“The Wind Cave”
by Haruki Murakami
translated from the Japanese by Philip Gabriel
from the September 3, 2018 issue of The New Yorker
This week, for better or for worse, The New Yorker is again presenting an excerpt from a novel: Haruki Murakami’s 2017 novel Killing Commendatore, translated from the Japanese by Philip Gabriel. I’ve never quite been on the right wavelength to fully enjoy anything I’ve read by Murakami, but I’m glad there are so many fans out there who are looking forward to this book, which will hit shelves on October 9 (you can read M.A. Orthofer’s early review here).
Are any of you Murakami fans? If so, is it nice to get an early excerpt or do you just wait for the book? Is there anyone out there who will be picking up the book based on this excerpt? Avoiding it based on the excerpt?
And, of course, let us know how you like “The Wind Cave.”
I have read Murakami before – both short stories and novels – and liked his work a lot. I have a couple of his books on my “Why Aren’t You Reading This Already, Idiot!” list. But I’m going to skip this excerpt unless others can make a strong case that it works as as if it were a stand-alone story. I believe (although I’m not sure) the excerpt comes from near the start of the novel, which is also mark in its favour. But for now, I’ll wait for the novel and if I feel like reading some Murakami I have a couple of other books and collections of stories I can turn to anyway.
I’m tired of excerpts from novels being passed off as short stories. They remind me of “previews of coming attractions” and have a whiff of commercialism about them that puts me off.
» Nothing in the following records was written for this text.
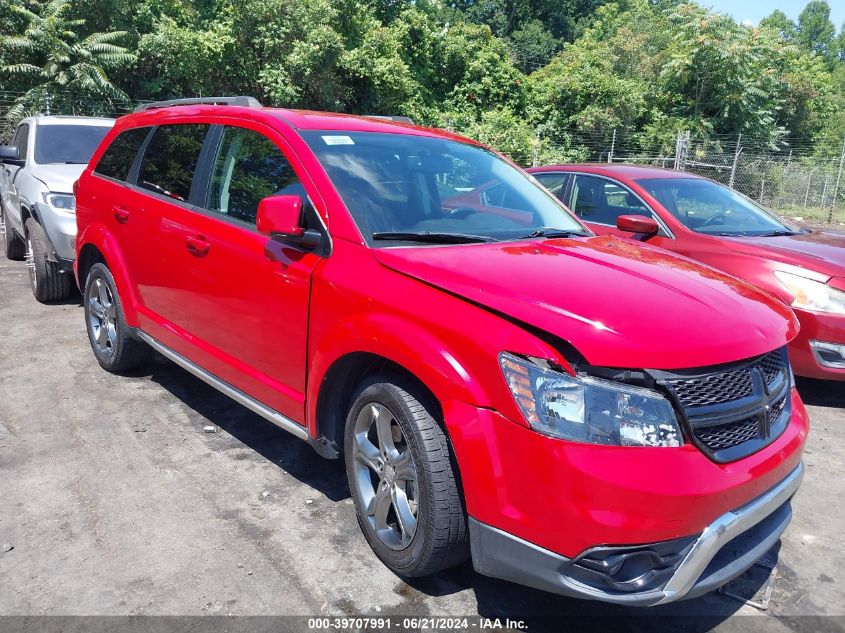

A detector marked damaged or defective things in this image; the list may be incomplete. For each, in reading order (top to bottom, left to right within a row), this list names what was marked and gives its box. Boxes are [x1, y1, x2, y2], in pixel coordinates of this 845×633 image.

cracked headlight [43, 191, 76, 211]
cracked headlight [776, 270, 840, 314]
cracked headlight [498, 354, 684, 446]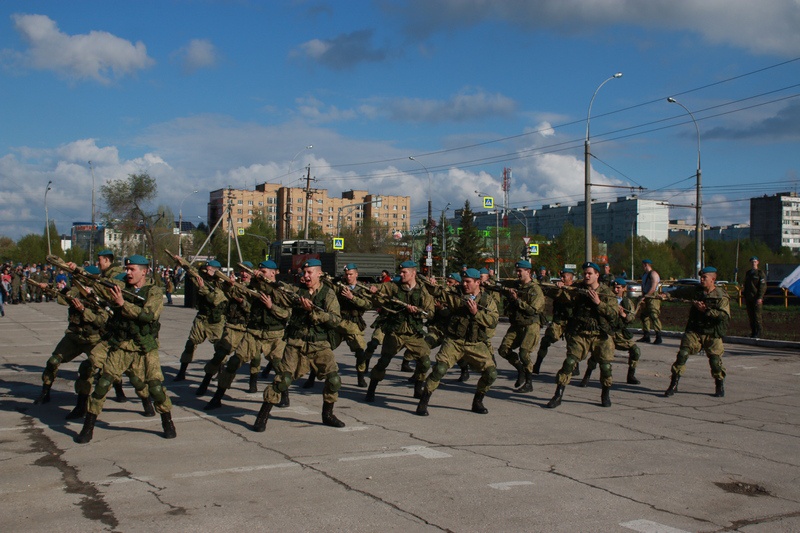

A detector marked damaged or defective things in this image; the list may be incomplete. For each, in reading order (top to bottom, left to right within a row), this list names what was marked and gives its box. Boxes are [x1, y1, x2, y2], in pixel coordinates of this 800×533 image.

pavement crack [22, 414, 119, 528]
cracked concrete pavement [1, 302, 800, 528]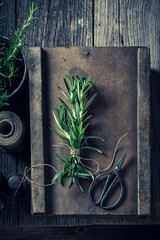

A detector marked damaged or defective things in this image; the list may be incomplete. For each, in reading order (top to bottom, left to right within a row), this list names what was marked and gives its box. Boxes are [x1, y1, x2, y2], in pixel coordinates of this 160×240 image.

rusty wooden board [27, 46, 150, 216]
I do admit, however, that I was so taken by an excerpt from Ian McEwan’s book “Saturday” in the New Yorker that I immediately hunted it down and bought it as soon as it came out. I still prefer actual short stories to one slice from the cake of a novel, though.
Diana, I am right with you on that! I read “Of Windows and Doors” by Mohsin Hamid when The New Yorker published it in 2016 and based on that got and read the novel (Exit West) from which it was extracted and quite liked it as well. But I was a little bit distracted when reading the book by my memory of the extract, especially since in this case the short story version was not just plucked out of the novel, but a substantial rewriting of a section of it. So even when reading extracts or excerpts of other sorts of carvings of novel that I like, it can be problematic as well. That’s how I came to the decision to skip them all.
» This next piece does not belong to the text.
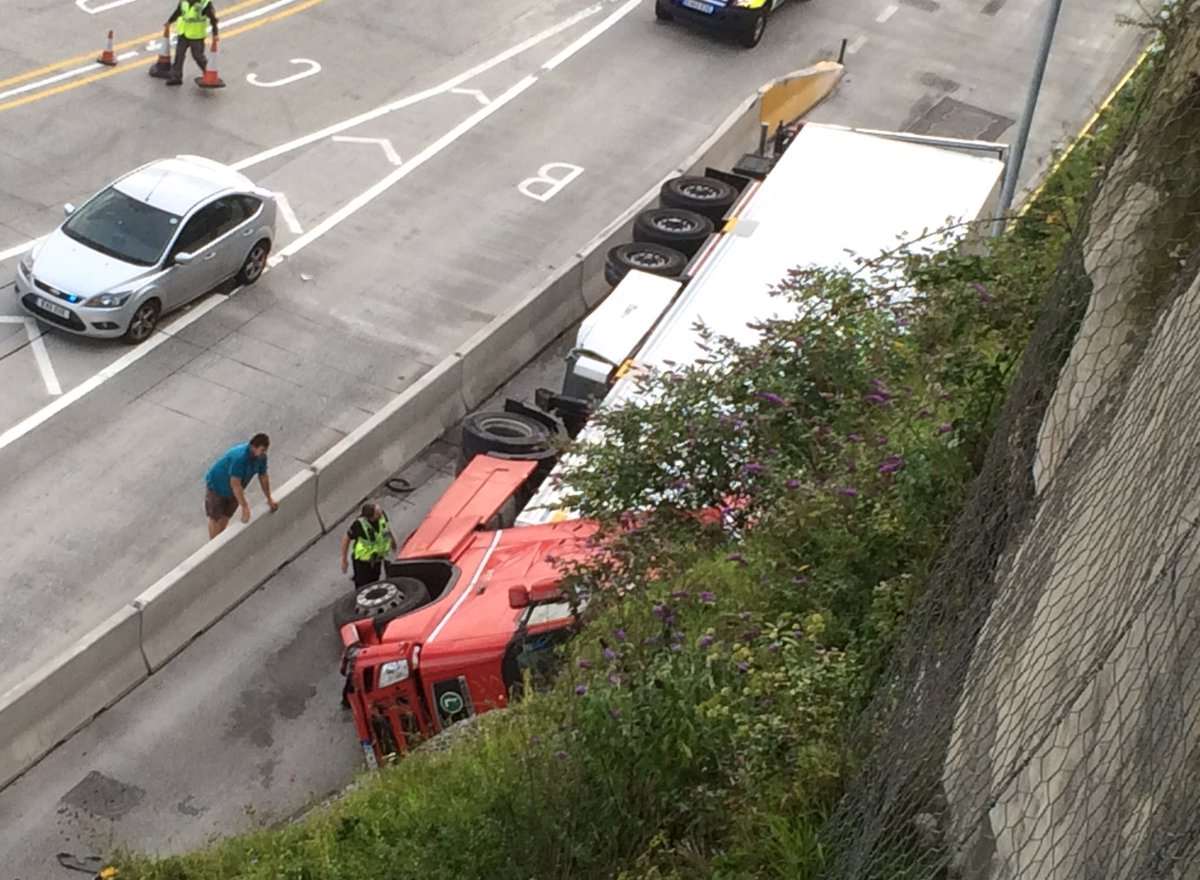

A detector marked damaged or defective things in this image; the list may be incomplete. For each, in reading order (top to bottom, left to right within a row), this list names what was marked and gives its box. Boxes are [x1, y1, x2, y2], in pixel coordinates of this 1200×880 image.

“Killing Commendatore” has been an anticipated read for me this year, so much so that I went ahead and reread “Norwegian Wood,” the only Murakami novel I really like, as well as “Wind/Pinball” “South of the Border…” and “A Wild Sheep Chase.” I tried “1Q84” and couldn’t get through it. Overall, Murakami has always been the kind of writer that I want to like but I don’t usually see what’s very brilliant.
I don’t mind excerpts. Usually I’ll read them just to confirm a purchase I already planned or didn’t plan to make. With that said this excerpt wasn’t very interesting to me, but part of me still wants to see the entire body of work to try and understand how this fits. The sections were easy to read, nothing too fancy, and while I won’t call it dull I can’t say I was very excited, either.
For those who don’t skip it and like it, I’d like to know what you thought. The reading for me felt hollow but I can see someone extracting something more interested than I did.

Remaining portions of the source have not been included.